When it comes to communication, the internet offers instant gratification. By their very nature, handwritten letters are more permanent. Letters create a tangible connection to the people, places, and events of the past. Ironically, when the links of that chain break, it seems the easiest way to repair them is with the speedy tools of the world wide web.
Liverpool native Lance Corporal William Swift enlisted at the onset of WWI in 1914. He and his brothers in arms of the King’s Own Royal Lancaster Regiment were sent to France in 1916. After taking part in the Battle of the Somme, at age 19, Swift perished at the Battle of Arras.
But Swift inadvertently left something behind while stationed at Noeux-les Mines after the Battle of the Somme.
During building renovations more than a century later, a school teacher unearthed letters to Swift from his family; they were found beneath the floorboards of the soldier’s former billet.
The letters were taken into the care of Mathilde Bernardet, a historian with the Memorial 14-18 museum at Notre Dame De Lorette.

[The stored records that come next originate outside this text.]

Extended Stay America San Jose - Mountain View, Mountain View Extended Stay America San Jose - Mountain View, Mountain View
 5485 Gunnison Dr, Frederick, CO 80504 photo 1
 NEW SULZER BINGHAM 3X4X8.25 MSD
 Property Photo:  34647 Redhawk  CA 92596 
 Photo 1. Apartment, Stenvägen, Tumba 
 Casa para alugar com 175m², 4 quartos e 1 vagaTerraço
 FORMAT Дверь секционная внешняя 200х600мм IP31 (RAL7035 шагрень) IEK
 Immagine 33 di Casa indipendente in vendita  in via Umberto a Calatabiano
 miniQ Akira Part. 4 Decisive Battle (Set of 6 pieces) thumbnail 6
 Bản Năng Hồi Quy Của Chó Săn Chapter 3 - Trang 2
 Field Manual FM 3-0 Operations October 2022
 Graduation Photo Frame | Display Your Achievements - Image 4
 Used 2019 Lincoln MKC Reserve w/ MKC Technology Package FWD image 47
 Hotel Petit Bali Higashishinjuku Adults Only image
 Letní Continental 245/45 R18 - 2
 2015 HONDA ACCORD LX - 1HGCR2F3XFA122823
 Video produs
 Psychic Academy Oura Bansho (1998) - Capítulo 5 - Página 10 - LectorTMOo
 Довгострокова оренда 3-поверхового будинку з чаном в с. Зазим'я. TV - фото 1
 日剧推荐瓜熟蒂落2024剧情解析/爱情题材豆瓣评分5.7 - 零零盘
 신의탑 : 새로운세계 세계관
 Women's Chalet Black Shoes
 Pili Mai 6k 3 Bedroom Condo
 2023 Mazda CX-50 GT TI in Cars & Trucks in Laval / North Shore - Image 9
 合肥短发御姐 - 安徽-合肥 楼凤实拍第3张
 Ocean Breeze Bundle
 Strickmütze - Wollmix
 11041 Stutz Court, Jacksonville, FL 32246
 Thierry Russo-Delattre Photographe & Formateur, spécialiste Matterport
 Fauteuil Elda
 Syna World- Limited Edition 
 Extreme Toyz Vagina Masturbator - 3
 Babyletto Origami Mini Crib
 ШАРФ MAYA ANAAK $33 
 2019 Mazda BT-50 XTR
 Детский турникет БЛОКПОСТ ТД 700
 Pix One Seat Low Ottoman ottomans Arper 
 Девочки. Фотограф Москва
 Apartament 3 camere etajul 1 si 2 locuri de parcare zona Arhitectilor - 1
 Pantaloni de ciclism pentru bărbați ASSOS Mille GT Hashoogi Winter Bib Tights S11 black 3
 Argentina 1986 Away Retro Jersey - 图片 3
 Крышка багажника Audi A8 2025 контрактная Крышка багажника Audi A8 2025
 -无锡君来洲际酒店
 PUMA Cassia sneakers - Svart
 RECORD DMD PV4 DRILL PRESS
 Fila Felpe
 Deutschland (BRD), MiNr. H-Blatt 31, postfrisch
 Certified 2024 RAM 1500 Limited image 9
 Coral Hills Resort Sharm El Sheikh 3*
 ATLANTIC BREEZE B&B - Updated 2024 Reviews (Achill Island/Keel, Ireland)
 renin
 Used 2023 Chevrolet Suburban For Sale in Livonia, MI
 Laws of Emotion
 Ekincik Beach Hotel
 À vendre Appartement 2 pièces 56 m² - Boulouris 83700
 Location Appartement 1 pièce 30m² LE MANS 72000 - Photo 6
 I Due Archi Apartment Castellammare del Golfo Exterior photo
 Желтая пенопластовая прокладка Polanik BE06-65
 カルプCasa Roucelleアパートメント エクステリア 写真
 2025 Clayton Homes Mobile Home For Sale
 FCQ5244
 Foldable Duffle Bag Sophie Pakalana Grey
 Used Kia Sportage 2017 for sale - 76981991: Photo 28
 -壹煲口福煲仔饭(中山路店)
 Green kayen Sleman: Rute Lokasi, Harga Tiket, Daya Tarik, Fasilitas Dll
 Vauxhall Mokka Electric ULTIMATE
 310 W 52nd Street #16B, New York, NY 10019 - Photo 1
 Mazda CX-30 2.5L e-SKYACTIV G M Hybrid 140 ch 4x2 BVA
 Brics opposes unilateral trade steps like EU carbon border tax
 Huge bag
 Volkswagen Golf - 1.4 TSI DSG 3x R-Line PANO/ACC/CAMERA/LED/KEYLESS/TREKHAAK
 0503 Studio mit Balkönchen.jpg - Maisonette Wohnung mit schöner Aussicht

As reported by the BBC, Bernardet classified the deeply moving missives as “simple letters, sent by parents who care about their son. The letters are full of support. The mum says she misses her son—she hopes he is doing well, keeping well and that she trusts in him… It’s full of love really.”
Knowing the poignant ending to the Lance Corporal’s story, Bernardet and her colleagues became determined to find Swift’s living relations and return the correspondence to his family.
However, the hunt for Swift’s relatives proved more difficult than anticipated. Months of research turned up no leads.
With traditional means exhausted, the historian took the search to social media. The results from her Facebook plea for pertinent information were, if not instantaneous, pretty darn close.
“In less than four hours, the post had been shared a few thousand times and we had [found] a few connections to the family,” Bernardet told BBC.
Lance Corporal William Swift may not have made it home to Liverpool all those many years ago, but thanks to the efforts of a determined historian and some timely help from the internet, his letters will—and that long-broken chain connecting past, present, and future is now restored for generations to come.